Good teams will go far in major tournaments, but only great teams win trophies. That was Fran Kirby’s message before England’s 4-0 thrashing of Sweden that saw the Lionesses reach a historic Wembley final.
Sweden were the highest-ranked team at these Euros, fresh off an Olympic silver medal, but they went the same way as every other nation who has had the misfortune to be pitted against Sarina Wiegman’s Lionesses.
They are now just 90 minutes away from winning their home European Championship as they await news of who they will be facing on 31 July under the arch.
England were not favourites going into the tournament, but the sense of expectation is now so great that finishing as runners-up would now prompt a real sense of deflation.
At the very least, England have not joined the long list of sides who failed to live up to the hype. Norway were tipped as dark horses, only to suffer a record-breaking 8-0 defeat to the hosts and crash out at the group stages.
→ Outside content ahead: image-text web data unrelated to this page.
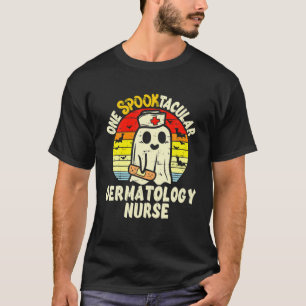 Camiseta Uma Enfermeira de Dermatologia Spooktacular Enferm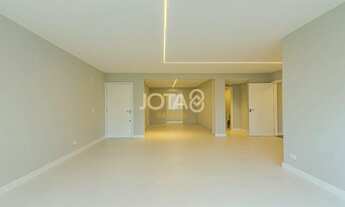 Imagem 4: APARTAMENTO TOTALMENTE REFORMADO EM ÓTIMA LOCALIZAÇÃO Apartamento totalmente reformado - j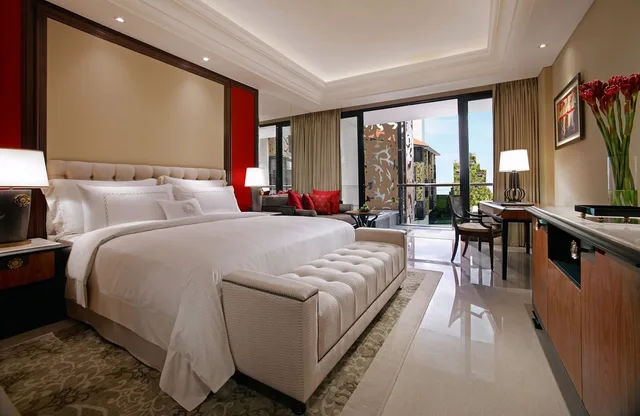 غرفة بريميير بسرير كينج، THE TRANS RESORT BALI 1/3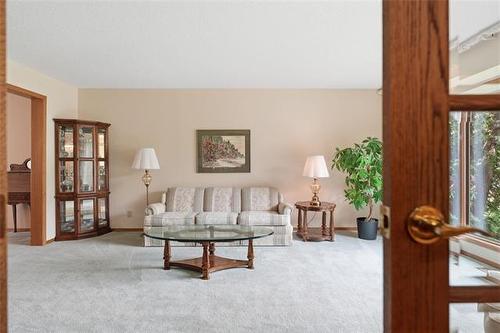 11 Bursill Rd, Winnipeg, MB - Indoor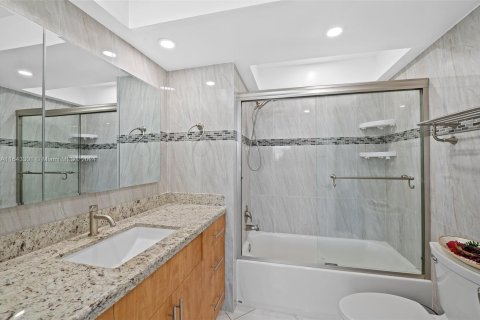 Condo in Fort Lauderdale, Florida, 2 bedrooms  № 1325257 - photo 13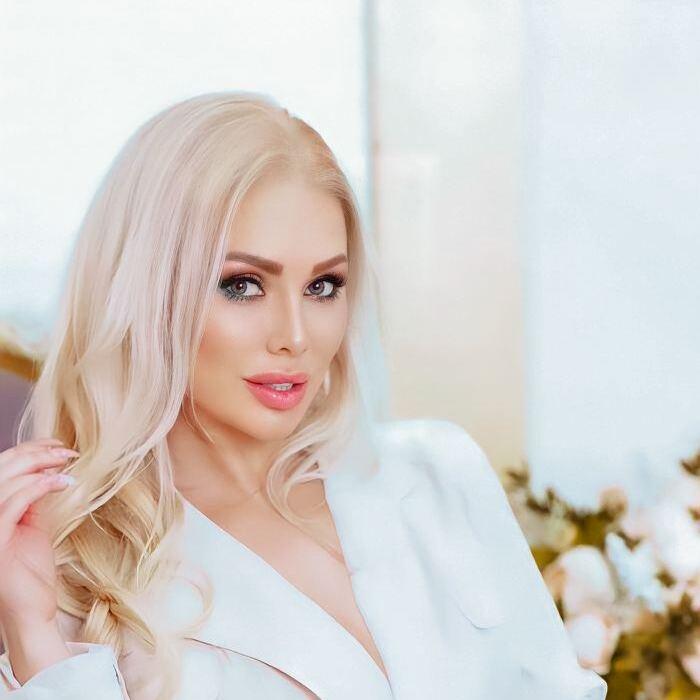 Sexy wife Oksana, 36 yrs.old from Kiev, Ukraine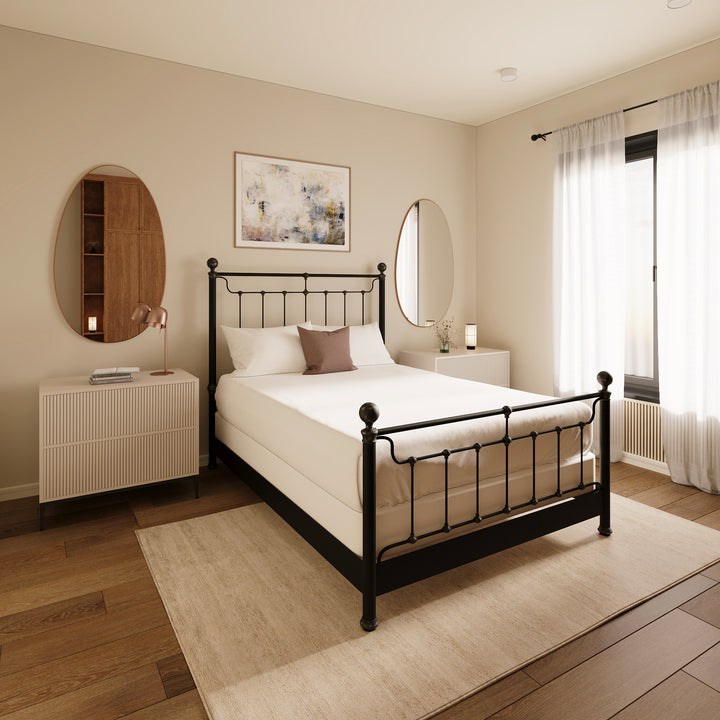 Queen / Weathered Iron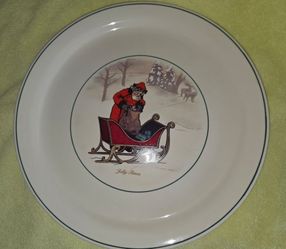 Hallmark Collectible  Christmas Plate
Spain dominated for long periods in their quarter-final against England, but were deflated by Ella Toone’s late equaliser and were beaten by Georgia Stanway’s winner in extra time.
Defending champions Netherlands did not make it past the quarters amidst rumours of player dissent against manager Mark Parsons, Denmark failed to harness the power of Pernille Harder, and a supposedly up-and-coming Italy outfit took one point from their three games.
When is Euro 2022 final?
Aside from England, just two sides now remain, with the second semi-final taking place on 27 July at stadium:mk between Germany and France.
England have an extra day’s rest before the trip to Wembley.